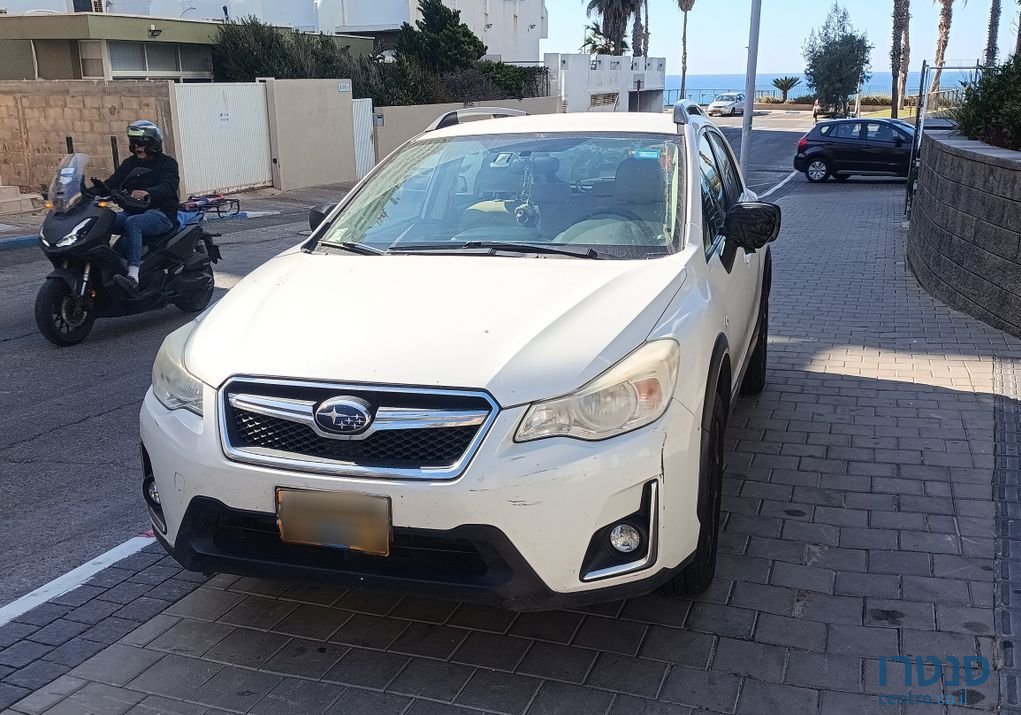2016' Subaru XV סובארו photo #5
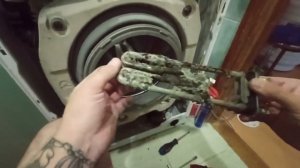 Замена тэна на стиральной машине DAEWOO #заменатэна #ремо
_____
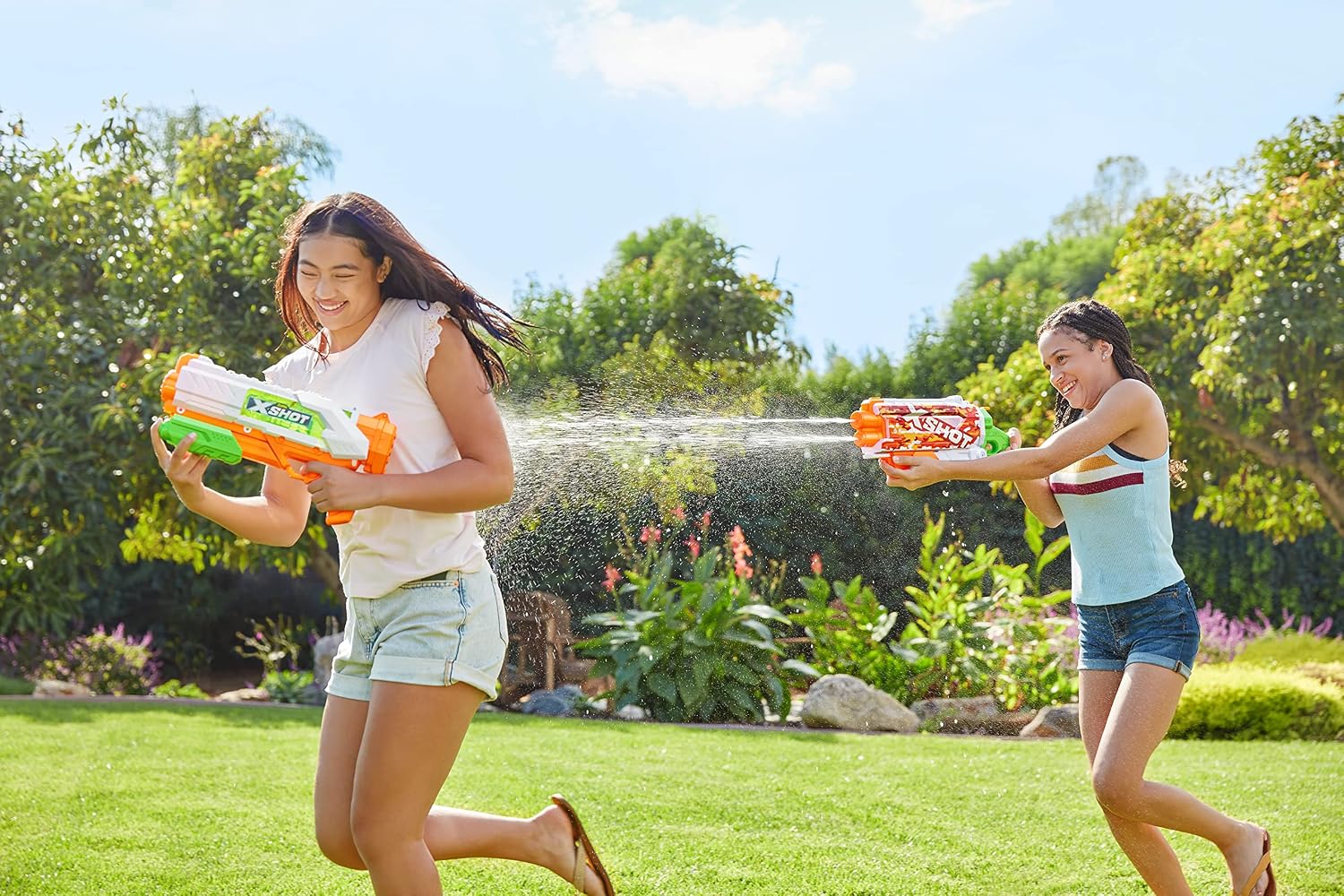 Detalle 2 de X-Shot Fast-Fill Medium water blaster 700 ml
_____
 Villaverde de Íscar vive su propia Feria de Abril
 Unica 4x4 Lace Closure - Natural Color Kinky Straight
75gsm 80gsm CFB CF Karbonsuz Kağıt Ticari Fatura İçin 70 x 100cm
_____
What you need to do => Give again exactly, and only, the lines above starting at the one with "Villaverde de Íscar" and ending at the one with "75gsm 80gsm CFB".

Answer to this task =>
 Villaverde de Íscar vive su propia Feria de Abril
 Unica 4x4 Lace Closure - Natural Color Kinky Straight
75gsm 80gsm CFB CF Karbonsuz Kağıt Ticari Fatura İçin 70 x 100cm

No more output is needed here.